U.S. Person” means any Person that is a “United States person” as defined in Section 7701(a)(30) of the Code.

U.S. Tax Compliance Certificate” has the meaning specified in Section 3.01(g).

Weighted Average Life to Maturity” means, when applied to any Indebtedness at any date, the number of years obtained by dividing: (i) the sum of the products obtained by multiplying (a) the amount of each then remaining installment, sinking fund, serial maturity or other required payments of principal, including payment at final maturity, in respect thereof, by (b) the number of years (calculated to the nearest one-twelfth) that will elapse between such date and the making of such payment; by (ii) the then outstanding principal amount of such Indebtedness.

Wells Fargo” means Wells Fargo Bank, National Association and any successor thereto by merger, consolidation or otherwise.

Wholly Owned” means, with respect to a Subsidiary of a Person, a Subsidiary of such Person all of the outstanding Equity Interests of which (other than (a) director’s qualifying shares and (b) shares issued to foreign nationals to the extent required by applicable Law) are owned by such Person and/or by one or more wholly owned Subsidiaries of such Person.

Withholding Agent” means each Borrower and the Administrative Agent.

Write-Down and Conversion Powers” means, with respect to any EEA Resolution Authority, the write-down and conversion powers of such EEA Resolution Authority from time to time under the Bail-In Legislation for the applicable EEA Member Country, which write-down and conversion powers are described in the EU Bail-In Legislation Schedule.

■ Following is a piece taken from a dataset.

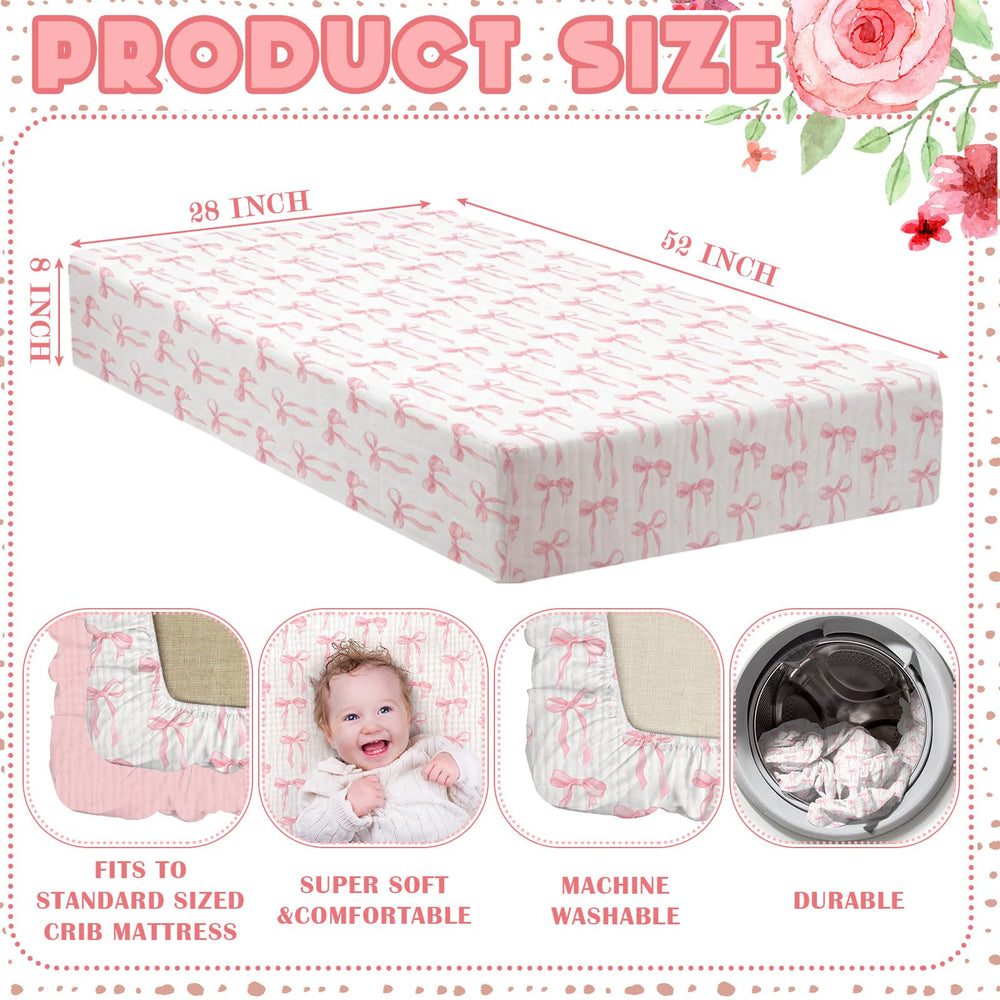 Breling pink bow crib sheet two-piece set laid flat for display of fit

Section 1.02 Other Interpretive Provisions. With reference to this Agreement and each other Loan Document, unless otherwise specified herein or in such other Loan Document:

(a)The meanings of defined terms are equally applicable to the singular and plural forms of the defined terms.

(b)(i) The words “herein”, “hereto”, “hereof” and “hereunder” and words of similar import when used in any Loan Document shall refer to such Loan Document as a whole and not to any particular provision thereof.

(ii)    Article, Section, Exhibit and Schedule references are to the Loan Document in which such reference appears.

(iii)
The term “including” is by way of example and not limitation.

(iv)    The term “documents” includes any and all instruments, documents, agreements, certificates, notices, reports, financial statements and other writings, however evidenced, whether in physical or electronic form.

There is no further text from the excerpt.